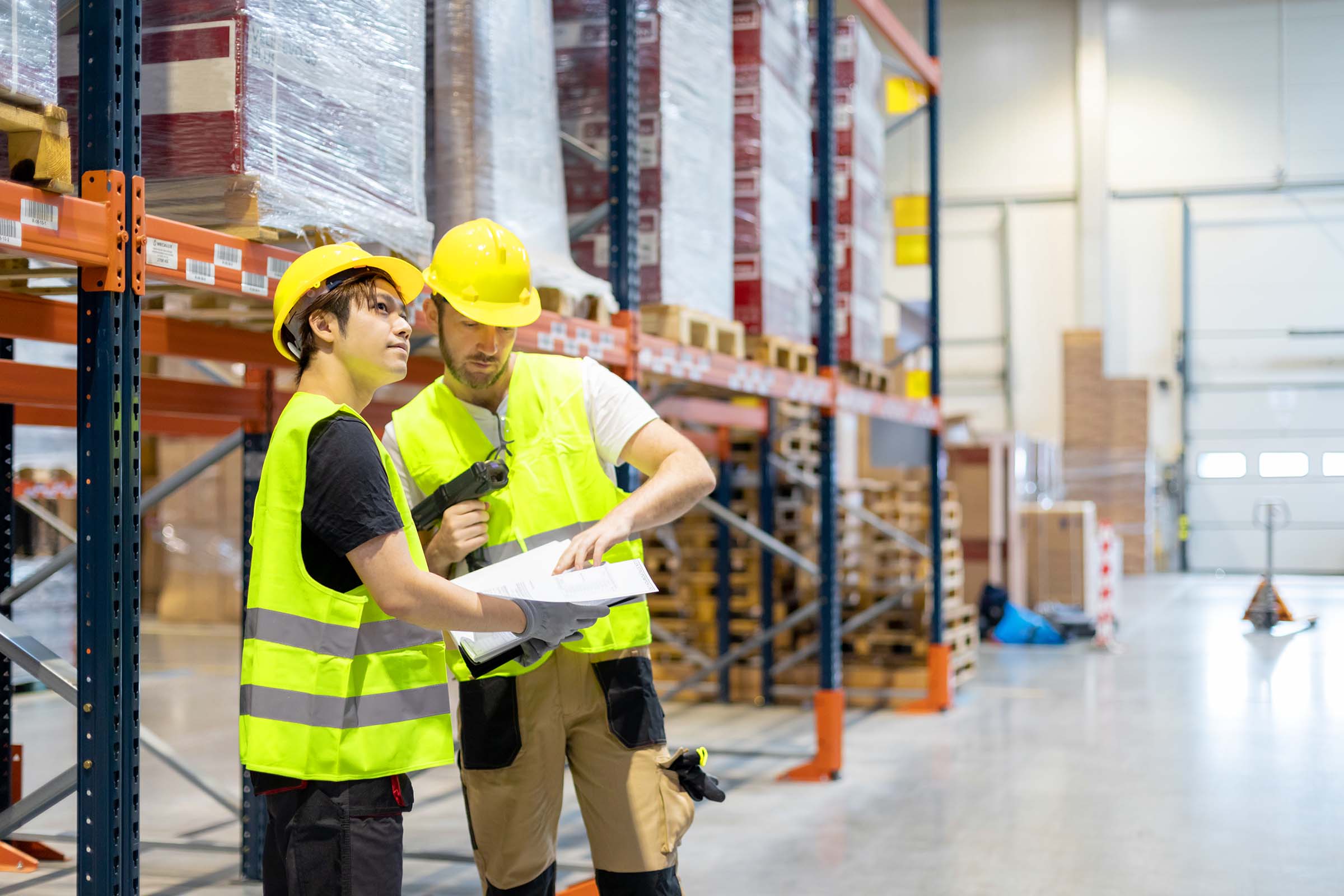 warehouse-workers-looking-on-documents-and-checkin-YWFQ59D.jpg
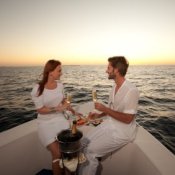 A couple eating on a boat.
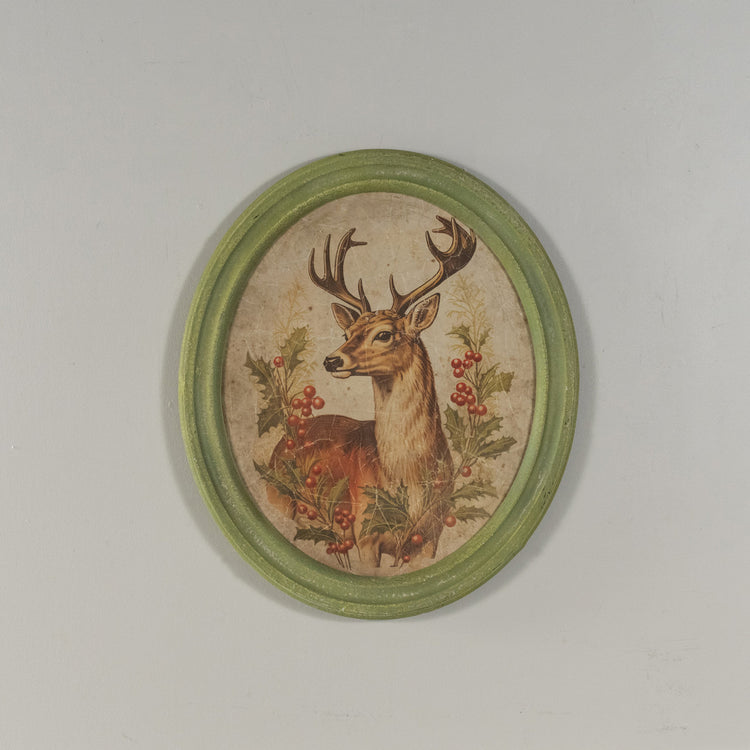 Oval framed print on glass featuring a holiday stag silhouette with natural wood frame.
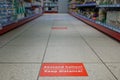 Keep distance on red rectangular caution sign inside supermarket in Germany during epidemic COVID-19. Royalty Free Stock Photo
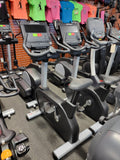  Ergonomic racing handlebars on a Life Fitness Integrity upright bike showcasing the Lifepulse digital contact heart rate hand sensors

YOUR OBJECTIVE: From the line containing "A couple eating on a boat." down to the last line of the entries above, retype each line exactly as it stands, but skip the pictures.

YOUR RESPONSE:
 A couple eating on a boat.
 Oval framed print on glass featuring a holiday stag silhouette with natural wood frame.
 Keep distance on red rectangular caution sign inside supermarket in Germany during epidemic COVID-19. Royalty Free Stock Photo
  Ergonomic racing handlebars on a Life Fitness Integrity upright bike showcasing the Lifepulse digital contact heart rate hand sensors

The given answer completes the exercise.